Pope Francis has affirmed this Church teaching and spoken about other important roles women have in the Catholic Church. The final document from the Church’s Synod on Synodality encourages the expansion of women’s leadership roles within the Church.

Late last month, the Catholic League for Religious and Civil Rights issued a warning about the book that the film was based on and the film itself.

“Conclave is more a piece of anti-Catholic propaganda than it is a work of art,” the statement reads. “It might have stunning cinematic sequences and a star-studded cast, but those things do not redeem the underlying ugliness of the project, namely it aims to paint the Catholic Church in the most negative light possible.”

The Catholic League statement also notes that Harris, the author of the book, is not Catholic and not, in fact, religious at all. 

Father Carter Griffin, the rector of St. John Paul II Seminary in Washington, D.C., spoke to CNA about the filmmakers’ decision to depict a person with female chromosomes and an intersex disorder as the selected pope, saying “a stable, secure, and well-ordered sexual identity is a necessary condition for priestly formation and ordination.”

“It is our individual and unique creation as either male or female that identifies us as man or woman, not our subjective feelings or choices,” he said.

The film’s director, Edward Berger, has responded to some of the criticism from Catholics. He told Yahoo Entertainment that the film is not meant to be “a takedown of the Catholic Church” and that he “tried to portray … the characters in the movie as humans.”
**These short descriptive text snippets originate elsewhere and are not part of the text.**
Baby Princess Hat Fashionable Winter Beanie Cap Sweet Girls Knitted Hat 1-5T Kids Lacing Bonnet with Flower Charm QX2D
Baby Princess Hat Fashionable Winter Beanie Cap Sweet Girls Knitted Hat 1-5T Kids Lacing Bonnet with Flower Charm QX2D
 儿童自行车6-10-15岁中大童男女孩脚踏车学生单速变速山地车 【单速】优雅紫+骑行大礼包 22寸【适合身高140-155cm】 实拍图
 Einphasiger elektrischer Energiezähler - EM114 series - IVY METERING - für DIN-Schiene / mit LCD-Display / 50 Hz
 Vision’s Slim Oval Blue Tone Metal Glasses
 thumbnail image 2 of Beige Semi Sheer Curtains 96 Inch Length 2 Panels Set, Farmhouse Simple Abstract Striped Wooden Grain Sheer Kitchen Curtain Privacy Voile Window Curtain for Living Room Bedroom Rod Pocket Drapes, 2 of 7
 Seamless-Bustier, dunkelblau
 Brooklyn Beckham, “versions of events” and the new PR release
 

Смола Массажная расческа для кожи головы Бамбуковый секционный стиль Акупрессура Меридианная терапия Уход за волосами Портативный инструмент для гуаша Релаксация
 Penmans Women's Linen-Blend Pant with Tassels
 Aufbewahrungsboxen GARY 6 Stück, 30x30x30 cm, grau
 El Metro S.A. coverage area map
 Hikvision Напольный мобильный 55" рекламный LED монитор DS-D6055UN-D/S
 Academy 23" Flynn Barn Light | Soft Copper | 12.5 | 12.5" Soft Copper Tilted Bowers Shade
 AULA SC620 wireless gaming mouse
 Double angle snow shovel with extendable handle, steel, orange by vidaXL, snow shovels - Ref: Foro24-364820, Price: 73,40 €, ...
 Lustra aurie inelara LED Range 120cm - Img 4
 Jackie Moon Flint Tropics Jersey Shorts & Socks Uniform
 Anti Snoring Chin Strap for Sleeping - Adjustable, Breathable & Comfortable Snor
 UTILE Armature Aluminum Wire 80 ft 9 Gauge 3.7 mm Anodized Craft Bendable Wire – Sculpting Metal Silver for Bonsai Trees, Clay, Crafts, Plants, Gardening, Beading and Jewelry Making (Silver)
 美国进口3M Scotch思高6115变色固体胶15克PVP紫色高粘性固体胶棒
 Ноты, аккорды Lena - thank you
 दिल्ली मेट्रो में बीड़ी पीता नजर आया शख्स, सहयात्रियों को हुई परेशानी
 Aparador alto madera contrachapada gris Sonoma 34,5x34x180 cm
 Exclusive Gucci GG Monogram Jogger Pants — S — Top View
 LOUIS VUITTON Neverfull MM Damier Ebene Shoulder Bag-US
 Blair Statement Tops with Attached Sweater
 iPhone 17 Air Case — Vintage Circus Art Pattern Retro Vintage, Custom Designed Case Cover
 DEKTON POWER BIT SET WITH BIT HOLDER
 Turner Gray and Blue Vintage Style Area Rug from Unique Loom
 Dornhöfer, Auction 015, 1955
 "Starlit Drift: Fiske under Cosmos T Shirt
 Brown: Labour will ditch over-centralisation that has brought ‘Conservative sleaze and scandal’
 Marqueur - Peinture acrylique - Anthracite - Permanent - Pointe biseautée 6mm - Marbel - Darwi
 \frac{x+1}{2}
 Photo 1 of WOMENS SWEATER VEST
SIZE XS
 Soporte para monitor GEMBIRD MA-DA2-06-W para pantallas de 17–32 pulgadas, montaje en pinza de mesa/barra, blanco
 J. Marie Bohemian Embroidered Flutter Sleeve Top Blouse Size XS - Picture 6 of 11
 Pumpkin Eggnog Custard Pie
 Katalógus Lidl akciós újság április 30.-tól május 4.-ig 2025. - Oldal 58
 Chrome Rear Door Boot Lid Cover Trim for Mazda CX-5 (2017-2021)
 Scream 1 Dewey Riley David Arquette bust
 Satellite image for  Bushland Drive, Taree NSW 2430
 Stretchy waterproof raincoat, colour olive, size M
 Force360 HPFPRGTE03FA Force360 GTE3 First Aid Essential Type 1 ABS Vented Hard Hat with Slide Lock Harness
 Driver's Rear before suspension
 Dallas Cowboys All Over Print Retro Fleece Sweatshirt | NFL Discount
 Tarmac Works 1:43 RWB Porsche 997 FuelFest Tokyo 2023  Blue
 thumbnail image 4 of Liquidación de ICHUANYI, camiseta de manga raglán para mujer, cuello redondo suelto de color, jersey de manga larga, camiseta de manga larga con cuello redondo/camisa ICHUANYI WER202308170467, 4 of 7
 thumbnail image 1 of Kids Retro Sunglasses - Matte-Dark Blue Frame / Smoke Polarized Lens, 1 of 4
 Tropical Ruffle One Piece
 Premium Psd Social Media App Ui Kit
“In the end, if there were controversy, I never think it’s bad,” he said. “I invite that. I love that. We’ve lost the ability to argue with each other without fighting each other. And if everyone has a different opinion and a different feeling, that’s a good thing. If I disagree with you, I might learn something from you … and suddenly go, ‘Ah, OK, never thought about it that way. Thank you for teaching me.’” 

The film had a budget of $20 million and has earned more than $15 million at the box office so far. According to Rotten Tomatoes, about 92% of critics liked the film, while about 84% of viewers rated the film positively. The film has a rating of 7.7 out of 10 on the Internet Movie Database.